Steve Meyers has 15 experience as a MySQL DBA, web software architect, and system administrator, with an emphasis on scalability

How to identify an unnecessary index

+ No comment yet
Let's look at the index from the wp_posts table in a standard WordPress installation.

SHOW KEYS FROM wp_posts;
+----------+------------+------------------+--------------+--------------+-----------+-------------+----------+--------+------+------------+---------+---------------+
| Table    | Non_unique | Key_name         | Seq_in_index | Column_name  | Collation | Cardinality | Sub_part | Packed | Null | Index_type | Comment | Index_comment |
+----------+------------+------------------+--------------+--------------+-----------+-------------+----------+--------+------+------------+---------+---------------+
| wp_posts |          0 | PRIMARY          |            1 | ID           | A         |        1772 |     NULL | NULL   |      | BTREE      |         |               |
| wp_posts |          1 | post_name        |            1 | post_name    | A         |        1772 |     NULL | NULL   |      | BTREE      |         |               |
| wp_posts |          1 | type_status_date |            1 | post_type    | A         |           6 |     NULL | NULL   |      | BTREE      |         |               |
| wp_posts |          1 | type_status_date |            2 | post_status  | A         |           9 |     NULL | NULL   |      | BTREE      |         |               |
| wp_posts |          1 | type_status_date |            3 | post_date    | A         |        1772 |     NULL | NULL   |      | BTREE      |         |               |
| wp_posts |          1 | type_status_date |            4 | ID           | A         |        1772 |     NULL | NULL   |      | BTREE      |         |               |
| wp_posts |          1 | post_parent      |            1 | post_parent  | A         |         147 |     NULL | NULL   |      | BTREE      |         |               |
| wp_posts |          1 | post_author      |            1 | post_author  | A         |           2 |     NULL | NULL   |      | BTREE      |         |               |
| wp_posts |          1 | yarpp_title      |            1 | post_title   | NULL      |         590 |     NULL | NULL   |      | FULLTEXT   |         |               |
| wp_posts |          1 | yarpp_content    |            1 | post_content | NULL      |        1772 |     NULL | NULL   |      | FULLTEXT   |         |               |
+----------+------------+------------------+--------------+--------------+-----------+-------------+----------+--------+------+------------+---------+---------------+
10 rows in set (0.00 sec)

How can we tell which indexes are good, and which are bad?

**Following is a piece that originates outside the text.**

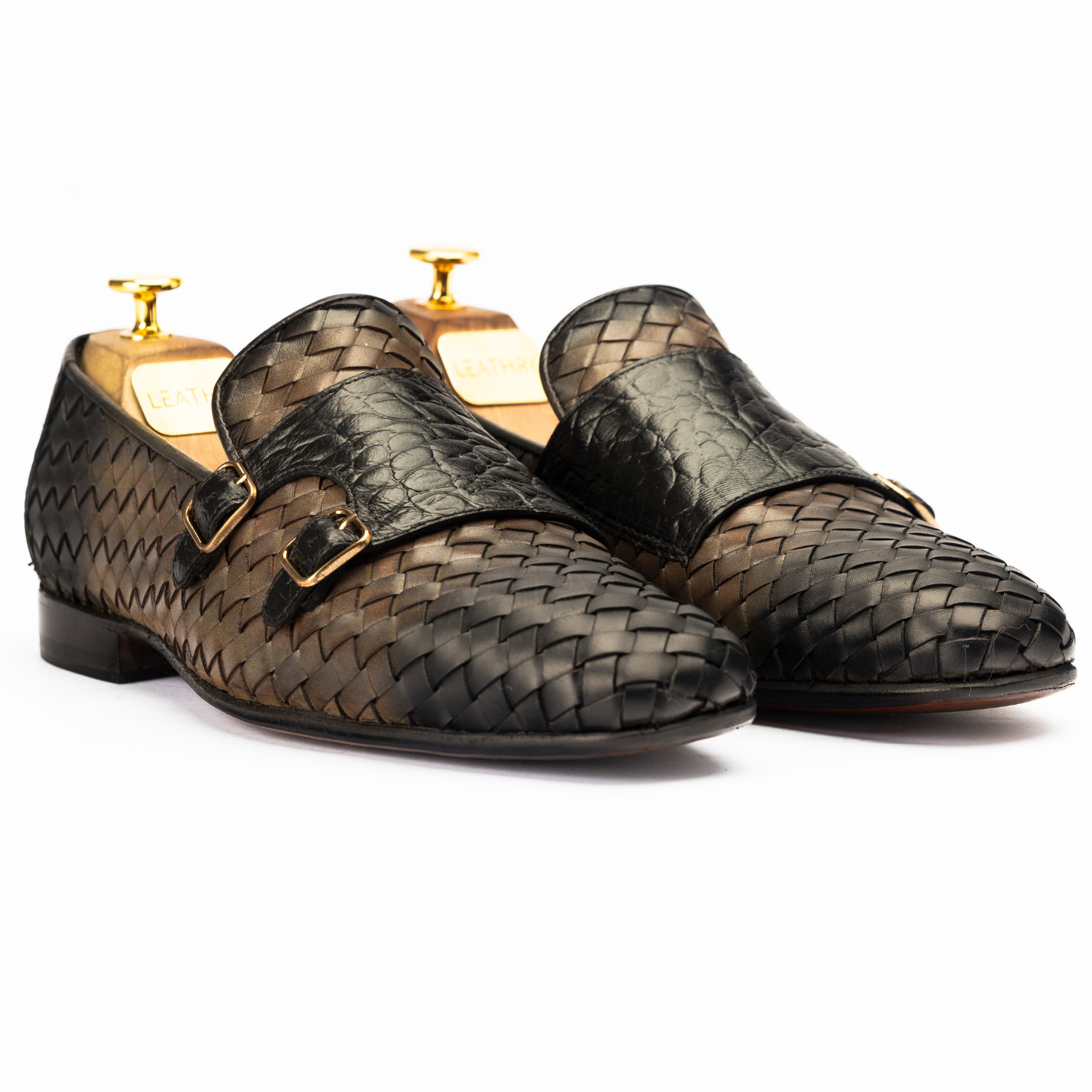 Pair of woven black shoes with gold buckles on a white background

To begin with, let's look at the cardinality.  Cardinality is a measure of how many unique values there are for that column.  A column with very low cardinality is not very useful as an index, since it does not narrow down queries very much.

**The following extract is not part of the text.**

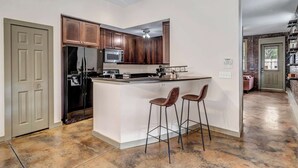 Una cocina moderna con armarios de madera oscura, un refrigerador de acero inoxidable, un microondas y una isla grande con taburetes de bar.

The post_type and post_status columns have a fairly low cardinality, so we'd ordinarily be concerned about them, but they're part of a multi-column index.  Since there are four columns to the index, their own low cardinality will probably be masked by the other columns.  As always, you know your own data better than I do, so you should know whether that applies in your circumstances.  What we're looking at is the cardinality of the combination of columns, so if the values of the columns are related to each other, you could still end up with low cardinality.

On the other hand, post_author has very low cardinality, and is a single-column index.  This column is potentially useful for blogs with many authors.  For most blogs, it ends up being more of a hindrance than a help, as it negatively affects write performance.

Going back to the type_status_date index, we noticed that the first two columns have low cardinality, but you'll notice that the third column's cardinality is equal to the primary key's cardinality.  This means that once we use the third column of the key (having necessarily already used the first two columns), we have narrowed it down to a single row.  This means that the fourth column in the index probably does not add any useful information.

We'll demonstrate this with a few queries.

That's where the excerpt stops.